How do you factor # x^4 + x^3 + x^2 + x + 1#?

1 Answer
Feb 20, 2016

#x^4+x^3+x^2+x+1#

#=(x^2+(1/2+sqrt(5)/2)x+1)(x^2+(1/2-sqrt(5)/2)x+1)#

Explanation:

This quartic has four zeros, which are the non-Real Complex #5#th roots of #1#, as we can see from:

#(x-1)(x^4+x^3+x^2+x+1) = x^5-1#

So if we wanted to factor this polynomial as a product of linear factors with Complex coefficients then we could write:

#x^4+x^3+x^2+x+1#

#=(x-(cos((2pi)/5) + i sin((2pi)/5))) * (x-(cos((4pi)/5) + i sin((4pi)/5))) * (x-(cos((6pi)/5) + i sin((6pi)/5))) * (x-(cos((8pi)/5) + i sin((8pi)/5)))#

A cleaner algebraic approach is to notice that due to the symmetry of the coefficients, if #x=r# is a zero of #x^4+x^3+x^2+x+1#, then #x=1/r# is also a zero.

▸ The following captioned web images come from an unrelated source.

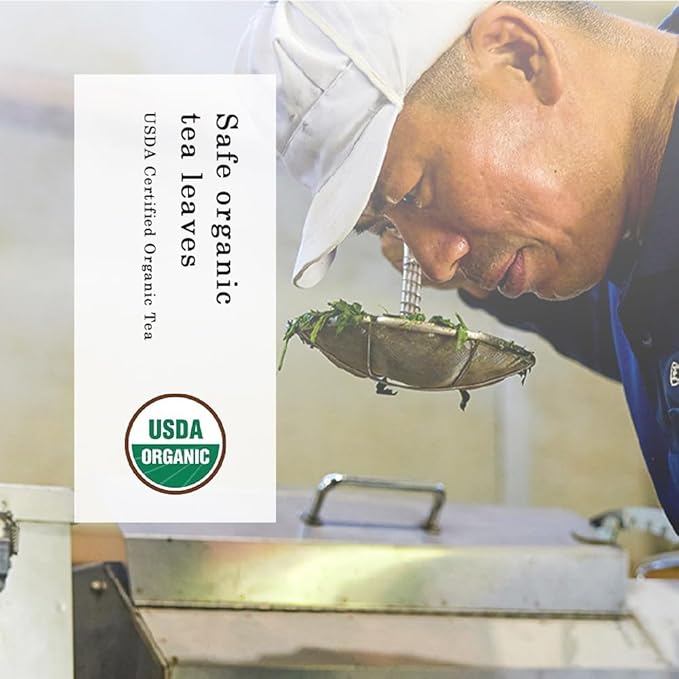 TOMOSAN Hojicha Tea - Japanese Organic Loose Leaf Premium Green Tea - Roasted Kukicha & Sencha Blend, Low Caffeine, USDA Certified, Uji-Kyoto, 100g/3.5oz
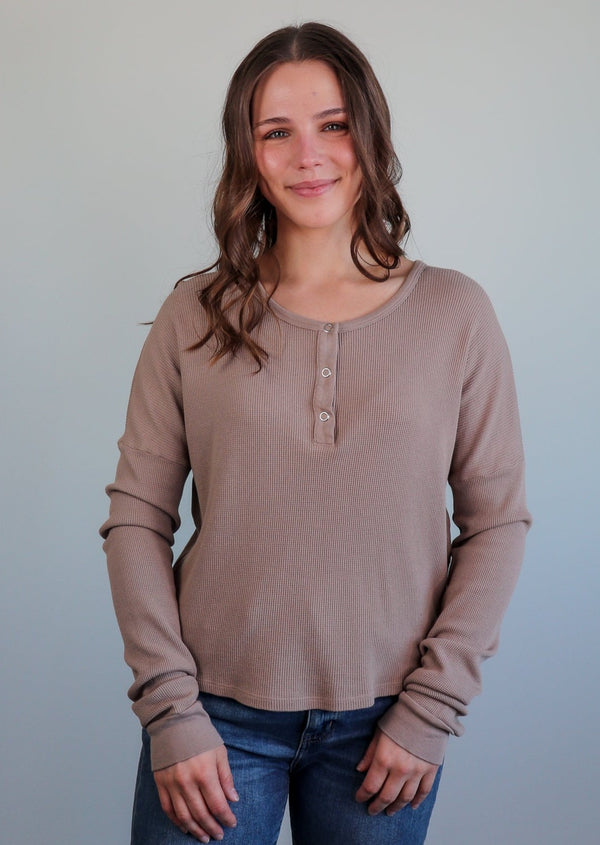 Drop Shoulder Henley Tee—Taupe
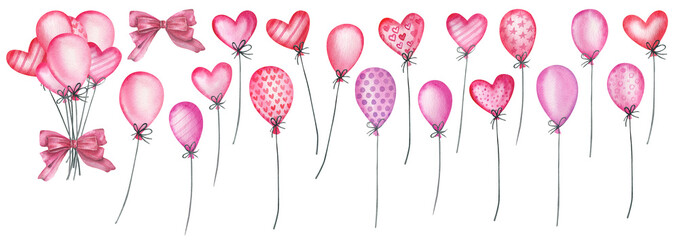 Watercolor air balloons. Hearts, bows, valentine's day decoration painting. Illustration isolated on white background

Hence there is a factorisation in the form:

#x^4+x^3+x^2+x+1#

#=(x-r_1)(x-1/r_1)(x-r_2)(x-1/r_2)#

#=(x^2-(r_1+1/r_1)x+1)(x^2-(r_2+1/r_2)x+1)#

So let's look for a factorisation:

#x^4+x^3+x^2+x+1#

#=(x^2+ax+1)(x^2+bx+1)#

#=x^4+(a+b)x^3+(2+ab)x^2+(a+b)x+1#

Equating coefficients we find:

#a+b = 1#

#2+ab=1#, so #ab = -1# and #b=-1/a#

Substituting #b=-1/a# in #a+b=1# we get:

#a-1/a = 1#

Hence:

#a^2-a-1 = 0#

Using the quadratic formula, we can deduce:

#a = 1/2 +- sqrt(5)/2#

Since our derivation was symmetric in #a# and #b#, one of these roots can be used for #a# and the other for #b#, to find:

#x^4+x^3+x^2+x+1#

#=(x^2+(1/2+sqrt(5)/2)x+1)(x^2+(1/2-sqrt(5)/2)x+1)#

If we want to factor further, use the quadratic formula on each of these quadratic factors to find the linear factors with Complex coefficients.